Abstract | | |
The worldwide shortage of organs available for transplantation has led to the use of living-unrelated kidney donors. In this context, spouses represent an important source of organ donors. We compared the allograft outcomes of spousal donor transplantation (SDT) with anti-thymocyte globulin (ATG) induction therapy and living related donor transplantation (LRDT) with triple immonosuppression and basiliximab, in addition. Among the 335 living and deceased donor kidney transplantations performed between April 2001 and June 2010, there were 274 living donor kidney transplantations including 34 SDT and 240 LRDT. The minimum follow-up period was 36 months. All recipients of SDT received ATG (1.5 mg/kg) induction therapy, which was stopped five to seven days after surgery. Maintenance immunosuppression included tacrolimus (TAC), mycophenolate mofetil (MMF) and prednisolone. LRDT recipients received triple immunosuppressive protocol consisting of cyclosporine or TAC, MMF and prednisolone, in addition to basiliximab. There was a significant difference between the two groups in recipient age, while pre-operative duration on dialysis, recipient sex and donor age and sex were not significantly different. There was also a significant difference between the two groups in the number of human leukocyte antigen (HLA) mismatches. The 1-, 3- and 5-year graft survival rates of SDT were 94.1%, 88.2% and 79.4%, respectively, and the frequency of acute rejection episodes was 5.8% (two cases). The 1-, 3- and 5-year graft survival rates of LRDT were 95.8%, 91.6% and 83.3%, respectively, with the frequency of acute rejection being 16.2%. The graft survival rates of SDT were as good as LRDT, while the acute rejection rates in SDT were lower than in LRDT, although the difference was not statistically different (P = 0.13).
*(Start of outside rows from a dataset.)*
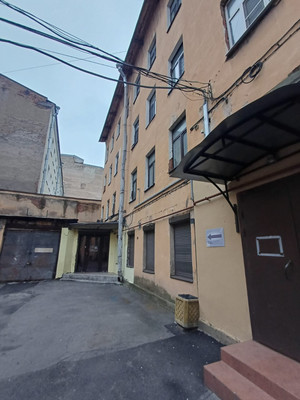 Продам многокомнатную квартиру, Лиговский пр-кт, 483, Санкт-Петербург г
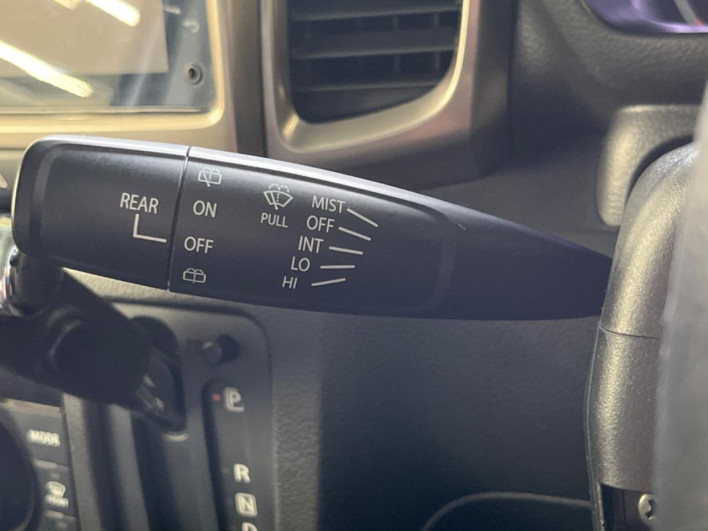 2017 Suzuki Spacia Custom Z DAA-MK42S (UW-6a28d605db85b)[10]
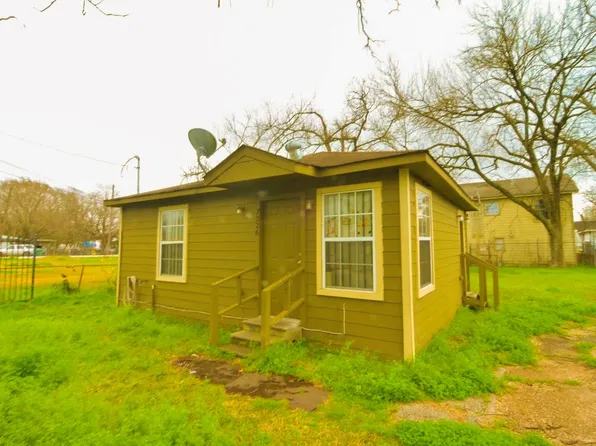 7326 Eagle Pass St, Houston, TX 77020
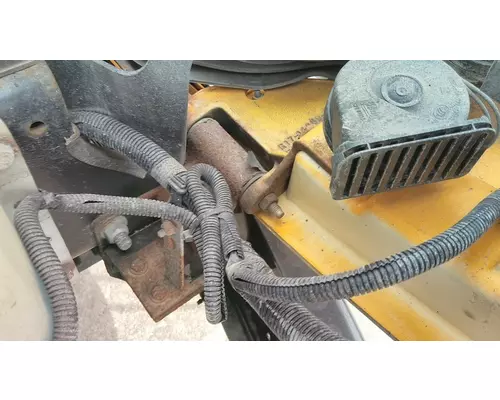 FREIGHTLINER B2 HOOD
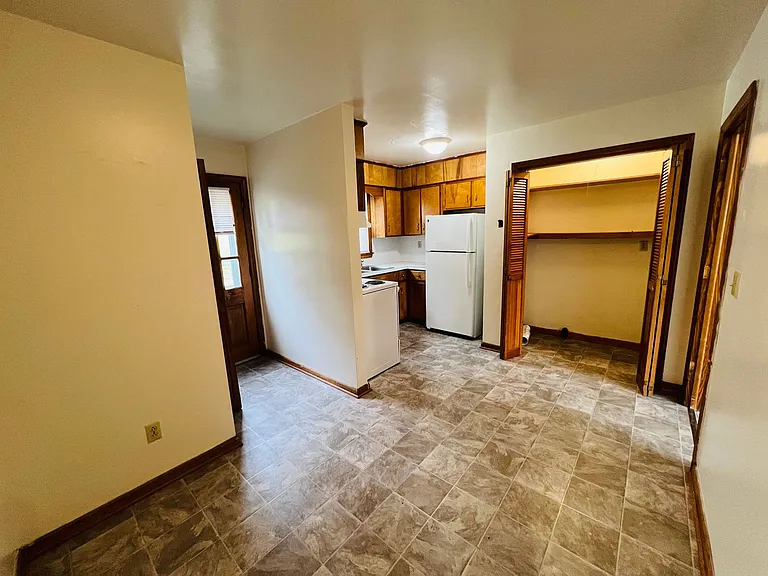 2 Bedroom, 1 Bath Apartment — Photo 47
How to cite this article: Demir E, Paydas S, Erken U. Comparison between spousal donor transplantation treated with anti-thymocyte globulin induction therapy and, living related donor transplantation treated with standard immunosuppression. Saudi J Kidney Dis Transpl 2014;25:520-3 |
How to cite this URL: Demir E, Paydas S, Erken U. Comparison between spousal donor transplantation treated with anti-thymocyte globulin induction therapy and, living related donor transplantation treated with standard immunosuppression. Saudi J Kidney Dis Transpl [serial online] 2014 [cited 2021 Jan 20];25:520-3. Available from: https://www.sjkdt.org/text.asp?2014/25/3/520/132155 |
Introduction | |  |
One of the major barriers confronting the field of transplantation today is the severe shortage of donor organs. One of the proposals designated to overcome this is to increase the use of organs from genetically unrelated living kidney donors. The greater use of living unrelated kidney donors is a worldwide trend in the current era of organ shortage, and spousal donors are an important source of such donors. [1],[2]
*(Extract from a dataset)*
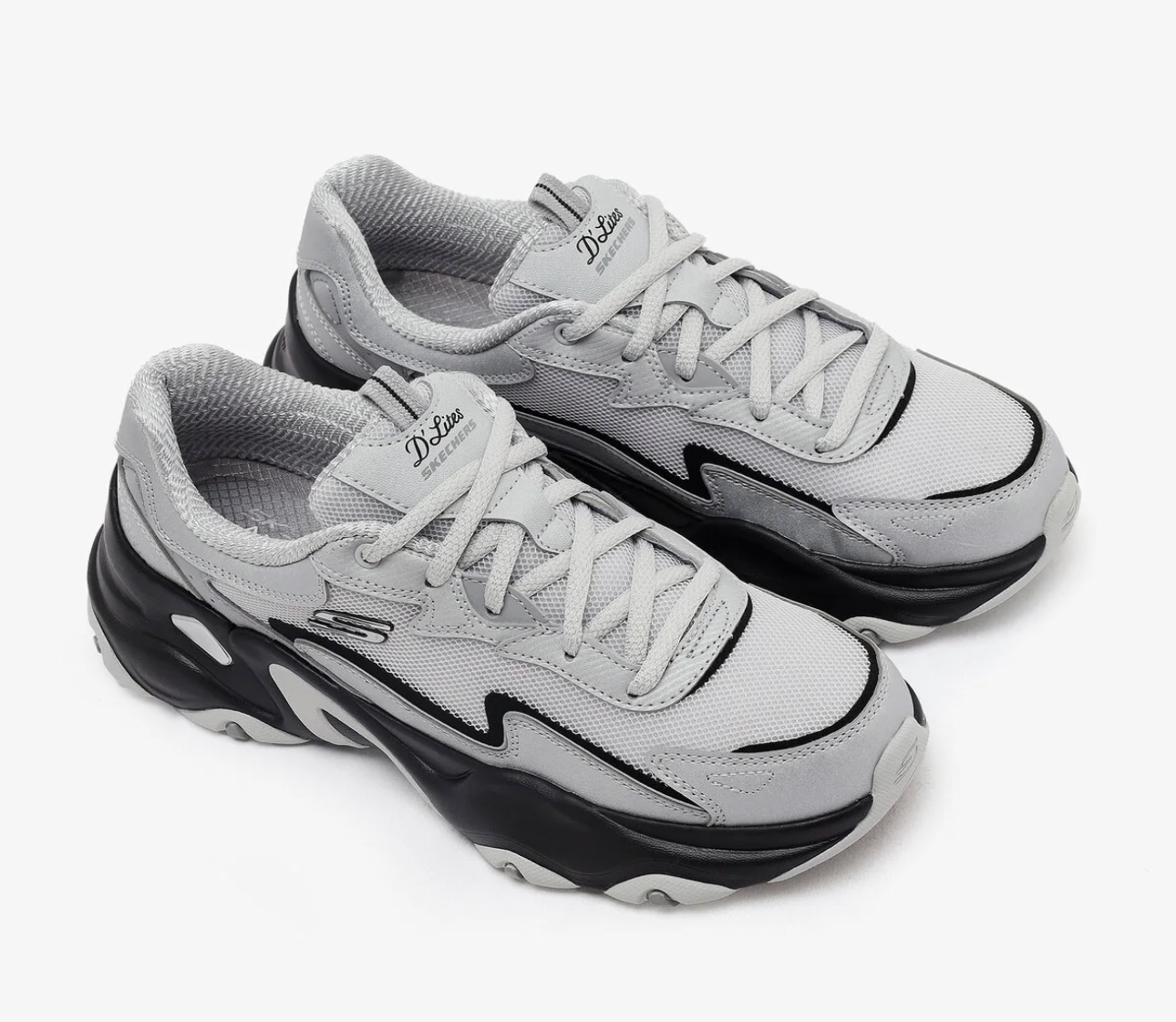 حذاء رياضي نسائي من Skechers فئة D'Lites.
There are several published studies on unrelated (including spousal) donor transplantation with poor human leukocyte antigen (HLA) matching documenting higher incidences of acute rejection. [3],[4],[5],[6] Therefore, induction therapy with anti-thymocyte globulin (ATG) was administered to recipients of spousal donor transplantation (SDT) in our center. Until now, comparisons between SDT and living related or deceased donors using only standard immonosuppression have been reported. In this study, we compared the allograft outcomes in recipients of SDT using ATG induction therapy and recipients of living related donor transplantation (LRDT) on triple immonosuppression, in addition to basiliximab.
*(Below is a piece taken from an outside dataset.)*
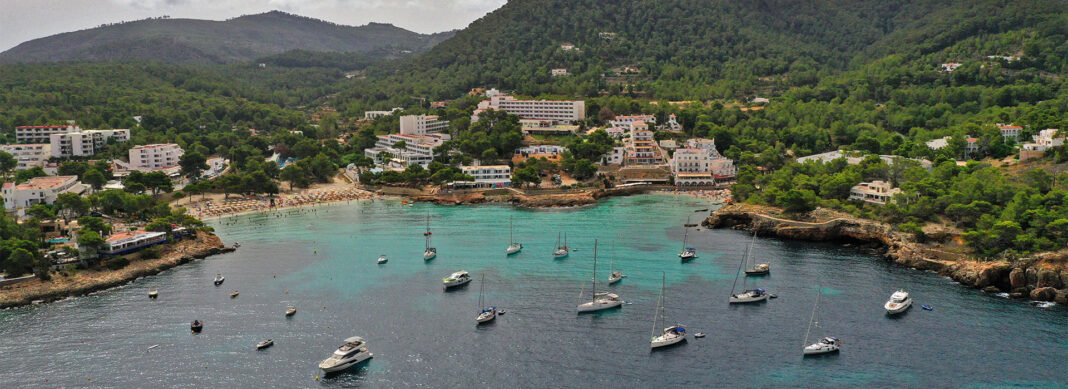 blauwasser_marina_spanien_balearen_cala_portinatx_header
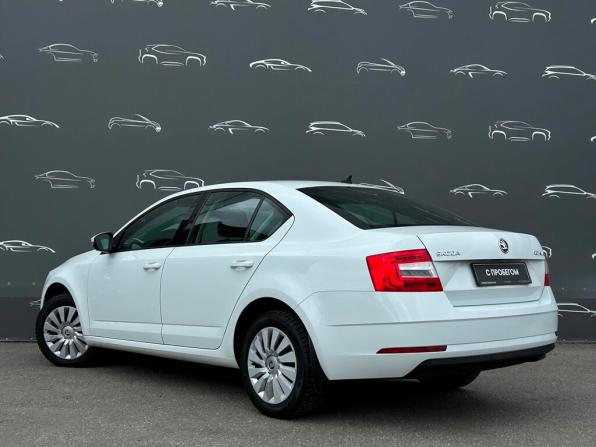 Skoda Octavia III (A7) Рестайлинг с пробегом 2019 года, цена 1 788 200 рублей, 77485 км, лифтбек, Автокод Объявления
Patients and Methods | |  |
Among the 335 kidney transplantations performed between April 2001 and June 2010 in our center, there were 274 living donor kidney transplantations including 34 SDT and 240 LRDTs. All donors had ABO blood group compatibility with the recipient, had normal physical examination, ancillary laboratory and radiological investigations and a negative lymphocyte cross-matching. Only recipients with panel-reactive antibody (PRA) levels less than 10% were enrolled into the study. The minimum follow-up period was 36 months. All recipients were receiving their first renal transplant. Donor nephrectomy was performed by open surgery in all cases.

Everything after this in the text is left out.